→ INSTRUCTIONS FOR THE TASK: An exact copy of the listing is required, with its pictures removed.

→ RAW DATA:
******************************

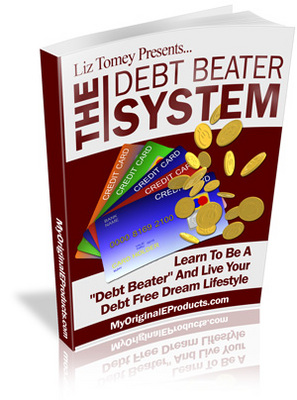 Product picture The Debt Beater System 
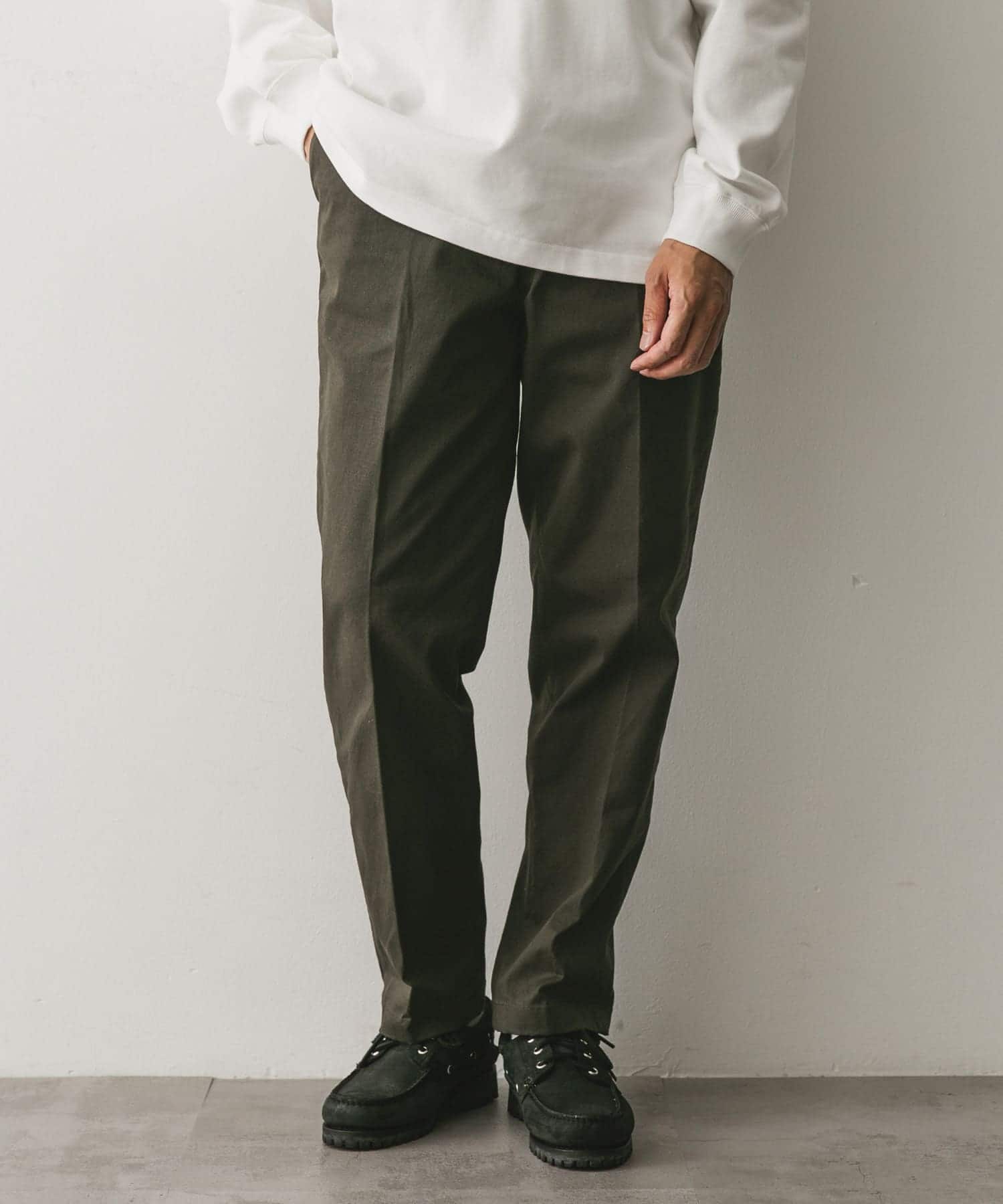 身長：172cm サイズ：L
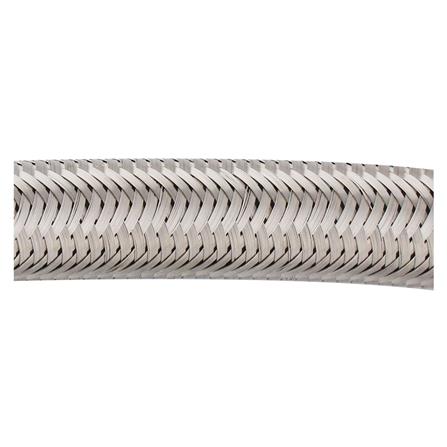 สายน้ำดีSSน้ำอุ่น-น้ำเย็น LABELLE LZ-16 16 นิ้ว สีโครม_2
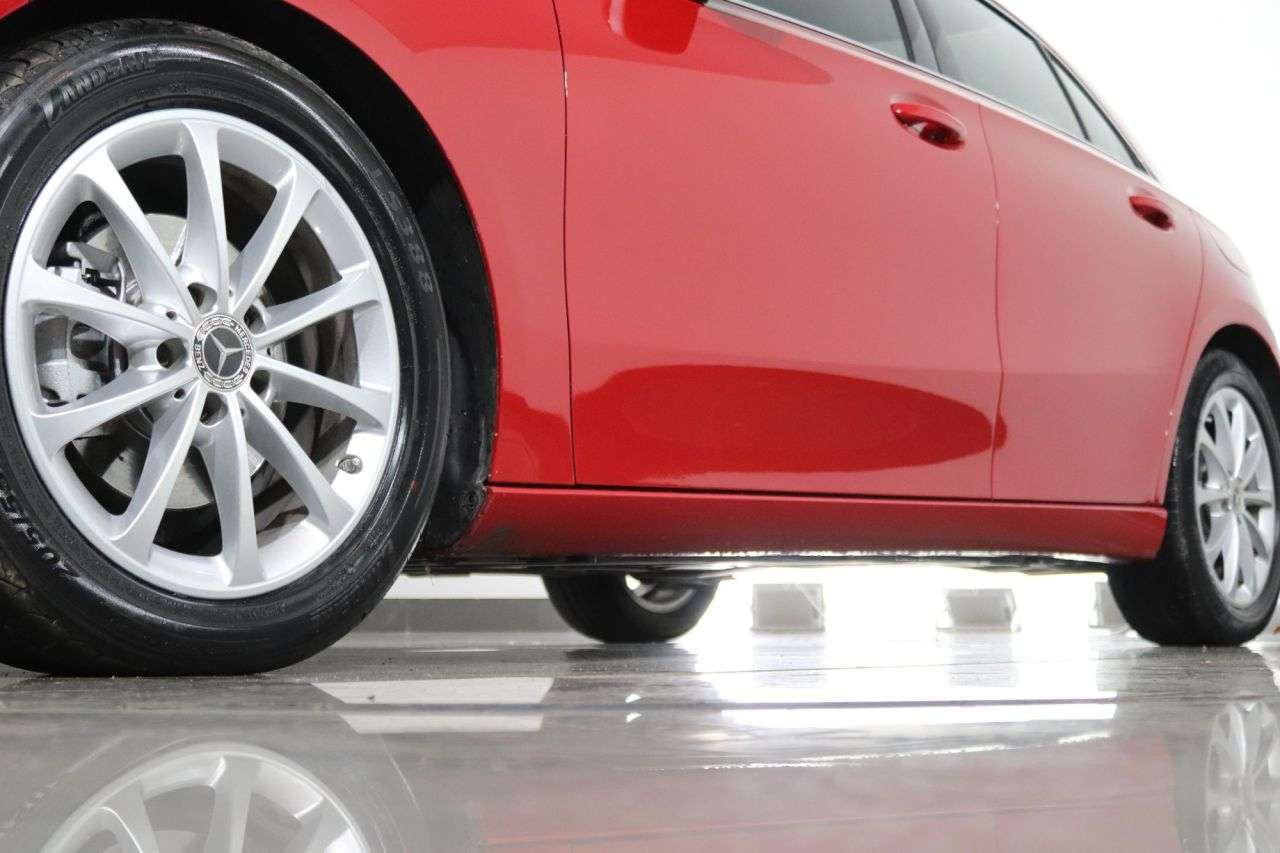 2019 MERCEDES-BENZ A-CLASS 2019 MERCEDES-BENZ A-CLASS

******************************

→ EXERCISE OUTPUT:
 Product picture The Debt Beater System 
 身長：172cm サイズ：L
 สายน้ำดีSSน้ำอุ่น-น้ำเย็น LABELLE LZ-16 16 นิ้ว สีโครม_2
 2019 MERCEDES-BENZ A-CLASS 2019 MERCEDES-BENZ A-CLASS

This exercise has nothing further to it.